The future of Python immutability
Steven D'Aprano
steven at REMOVE.THIS.cybersource.com.au
Tue Sep 8 04:21:18 EDT 2009
On Tue, 08 Sep 2009 09:38:51 +0200, Hendrik van Rooyen wrote:
> On Monday 07 September 2009 20:26:02 John Nagle wrote:
>
>> Right. Tracking mutablity and ownership all the way down without
>> making the language either restrictive or slow is tough.
>>
>> In multi-thread programs, though, somebody has to be clear on who
>> owns
>> what. I'm trying to figure out a way for the language, rather than the
>> programmer, to do that job. It's a major source of trouble in threaded
>> programs.
>
> I think that trying to make the language instead of the programmer
> responsible for this is a ball-buster. It is unlikely to be either easy
> or cheap. I would rather have the programmer responsible for the mental
> model, and give her the tools to do the job with.
That was the situation 20 years ago with memory management. I'm sure
people back then thought that the Right Solution was to give the
programmer tools to get the job done, and hope they can avoid
dereferencing nil pointers and memory leaks and all the other cruft of
hand-managing memory.
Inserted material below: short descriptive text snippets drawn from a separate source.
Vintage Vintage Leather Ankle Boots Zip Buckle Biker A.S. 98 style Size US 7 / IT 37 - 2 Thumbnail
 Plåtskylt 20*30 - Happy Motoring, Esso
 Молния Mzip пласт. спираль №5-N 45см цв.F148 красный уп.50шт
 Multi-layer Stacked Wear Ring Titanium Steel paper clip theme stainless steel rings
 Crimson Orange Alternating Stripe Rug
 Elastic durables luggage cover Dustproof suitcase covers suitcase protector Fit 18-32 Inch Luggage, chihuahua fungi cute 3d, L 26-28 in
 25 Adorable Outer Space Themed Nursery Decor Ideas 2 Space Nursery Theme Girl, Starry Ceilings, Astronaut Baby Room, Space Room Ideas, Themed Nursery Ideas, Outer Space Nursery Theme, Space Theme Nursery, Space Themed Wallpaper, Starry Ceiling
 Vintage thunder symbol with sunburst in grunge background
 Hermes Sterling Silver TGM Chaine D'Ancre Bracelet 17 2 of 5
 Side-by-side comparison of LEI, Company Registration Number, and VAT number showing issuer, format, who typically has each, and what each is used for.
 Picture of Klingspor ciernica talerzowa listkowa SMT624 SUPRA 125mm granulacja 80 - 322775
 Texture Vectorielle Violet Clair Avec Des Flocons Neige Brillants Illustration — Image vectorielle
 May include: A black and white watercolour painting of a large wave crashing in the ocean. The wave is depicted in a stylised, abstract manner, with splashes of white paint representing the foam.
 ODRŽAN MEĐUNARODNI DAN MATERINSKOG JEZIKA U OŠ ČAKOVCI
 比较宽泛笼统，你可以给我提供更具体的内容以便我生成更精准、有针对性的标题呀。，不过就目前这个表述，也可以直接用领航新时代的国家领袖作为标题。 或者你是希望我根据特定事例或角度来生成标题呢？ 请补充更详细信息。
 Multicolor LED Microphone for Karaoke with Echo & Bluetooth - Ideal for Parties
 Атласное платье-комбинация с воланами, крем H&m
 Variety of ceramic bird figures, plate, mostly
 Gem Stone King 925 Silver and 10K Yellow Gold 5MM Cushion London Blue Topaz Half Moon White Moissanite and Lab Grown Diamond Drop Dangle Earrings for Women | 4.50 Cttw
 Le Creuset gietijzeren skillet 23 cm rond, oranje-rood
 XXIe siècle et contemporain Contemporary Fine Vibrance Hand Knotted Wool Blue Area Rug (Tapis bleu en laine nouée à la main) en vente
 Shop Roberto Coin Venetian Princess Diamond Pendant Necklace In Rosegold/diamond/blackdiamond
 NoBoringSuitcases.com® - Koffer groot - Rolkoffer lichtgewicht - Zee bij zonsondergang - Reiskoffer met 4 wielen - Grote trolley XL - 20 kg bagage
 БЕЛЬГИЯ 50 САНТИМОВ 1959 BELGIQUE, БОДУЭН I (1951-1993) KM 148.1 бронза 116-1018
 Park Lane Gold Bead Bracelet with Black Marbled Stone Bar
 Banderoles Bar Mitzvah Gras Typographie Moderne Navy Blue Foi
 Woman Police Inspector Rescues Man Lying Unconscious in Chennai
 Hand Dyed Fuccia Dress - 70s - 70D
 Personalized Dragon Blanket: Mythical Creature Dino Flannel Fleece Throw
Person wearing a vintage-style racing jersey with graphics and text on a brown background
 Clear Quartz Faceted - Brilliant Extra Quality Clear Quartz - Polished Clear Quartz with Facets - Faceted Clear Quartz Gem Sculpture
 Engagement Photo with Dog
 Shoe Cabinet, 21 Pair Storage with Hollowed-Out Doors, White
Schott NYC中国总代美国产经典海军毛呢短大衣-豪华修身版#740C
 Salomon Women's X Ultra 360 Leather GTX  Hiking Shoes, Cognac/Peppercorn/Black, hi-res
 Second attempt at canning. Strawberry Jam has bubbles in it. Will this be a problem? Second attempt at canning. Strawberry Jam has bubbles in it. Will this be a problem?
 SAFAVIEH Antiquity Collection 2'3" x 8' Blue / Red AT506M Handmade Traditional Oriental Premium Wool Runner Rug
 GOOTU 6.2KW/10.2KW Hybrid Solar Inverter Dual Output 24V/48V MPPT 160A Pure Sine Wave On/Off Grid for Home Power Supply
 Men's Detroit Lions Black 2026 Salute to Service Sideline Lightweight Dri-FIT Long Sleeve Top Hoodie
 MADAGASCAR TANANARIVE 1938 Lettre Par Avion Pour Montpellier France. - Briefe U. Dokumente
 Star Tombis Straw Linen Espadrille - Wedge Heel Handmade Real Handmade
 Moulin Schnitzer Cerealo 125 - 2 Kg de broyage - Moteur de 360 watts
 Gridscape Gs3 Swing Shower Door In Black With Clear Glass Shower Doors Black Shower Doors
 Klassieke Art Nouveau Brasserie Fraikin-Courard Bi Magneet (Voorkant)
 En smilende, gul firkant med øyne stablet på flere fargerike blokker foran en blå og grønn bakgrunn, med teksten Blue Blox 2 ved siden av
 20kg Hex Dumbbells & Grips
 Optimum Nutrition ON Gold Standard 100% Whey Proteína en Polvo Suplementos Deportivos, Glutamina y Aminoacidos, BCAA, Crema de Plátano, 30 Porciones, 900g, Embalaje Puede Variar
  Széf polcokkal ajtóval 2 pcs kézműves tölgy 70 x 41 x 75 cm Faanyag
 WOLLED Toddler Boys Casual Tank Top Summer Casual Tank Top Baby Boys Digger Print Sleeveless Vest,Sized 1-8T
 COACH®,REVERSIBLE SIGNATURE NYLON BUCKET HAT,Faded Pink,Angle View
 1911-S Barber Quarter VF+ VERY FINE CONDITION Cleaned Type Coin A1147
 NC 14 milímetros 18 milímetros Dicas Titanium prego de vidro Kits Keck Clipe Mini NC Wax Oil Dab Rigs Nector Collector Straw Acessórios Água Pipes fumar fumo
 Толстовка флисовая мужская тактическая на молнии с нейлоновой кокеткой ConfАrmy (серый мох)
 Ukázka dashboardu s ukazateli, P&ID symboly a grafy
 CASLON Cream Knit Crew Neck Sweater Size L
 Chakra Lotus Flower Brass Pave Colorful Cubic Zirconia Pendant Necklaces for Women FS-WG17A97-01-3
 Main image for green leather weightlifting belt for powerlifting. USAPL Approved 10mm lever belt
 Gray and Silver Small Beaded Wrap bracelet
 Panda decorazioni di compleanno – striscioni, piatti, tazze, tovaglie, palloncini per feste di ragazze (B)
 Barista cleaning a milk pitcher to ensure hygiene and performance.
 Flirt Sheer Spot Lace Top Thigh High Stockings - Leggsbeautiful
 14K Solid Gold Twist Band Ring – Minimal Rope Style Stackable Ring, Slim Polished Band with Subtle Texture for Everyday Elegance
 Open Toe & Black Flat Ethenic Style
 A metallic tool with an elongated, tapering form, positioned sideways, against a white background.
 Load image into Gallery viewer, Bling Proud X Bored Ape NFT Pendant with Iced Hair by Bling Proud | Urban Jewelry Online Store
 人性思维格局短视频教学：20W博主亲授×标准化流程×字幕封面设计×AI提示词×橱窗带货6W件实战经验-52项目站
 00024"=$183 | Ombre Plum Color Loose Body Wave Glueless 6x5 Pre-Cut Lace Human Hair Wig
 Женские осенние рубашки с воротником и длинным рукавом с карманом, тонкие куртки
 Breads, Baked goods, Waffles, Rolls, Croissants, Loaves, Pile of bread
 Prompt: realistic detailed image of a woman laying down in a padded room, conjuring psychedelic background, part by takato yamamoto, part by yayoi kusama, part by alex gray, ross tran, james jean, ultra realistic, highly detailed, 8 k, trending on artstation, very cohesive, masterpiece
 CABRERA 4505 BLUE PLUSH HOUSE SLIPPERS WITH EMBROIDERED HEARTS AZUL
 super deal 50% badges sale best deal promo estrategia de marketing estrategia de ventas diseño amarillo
Today, we have garbage collectors and high-level
languages like Ruby, Python, Haskell etc that manage that for you, and
even heavyweight garbage collectors are practical for the majority of
userspace applications.
> In any case - if you do not actually like juggling with knives, then you
> should not be mucking around with concurrency, and by making the
> language safe, you are taking the fun out.
If by "fun" you mean "screaming horrors", I agree.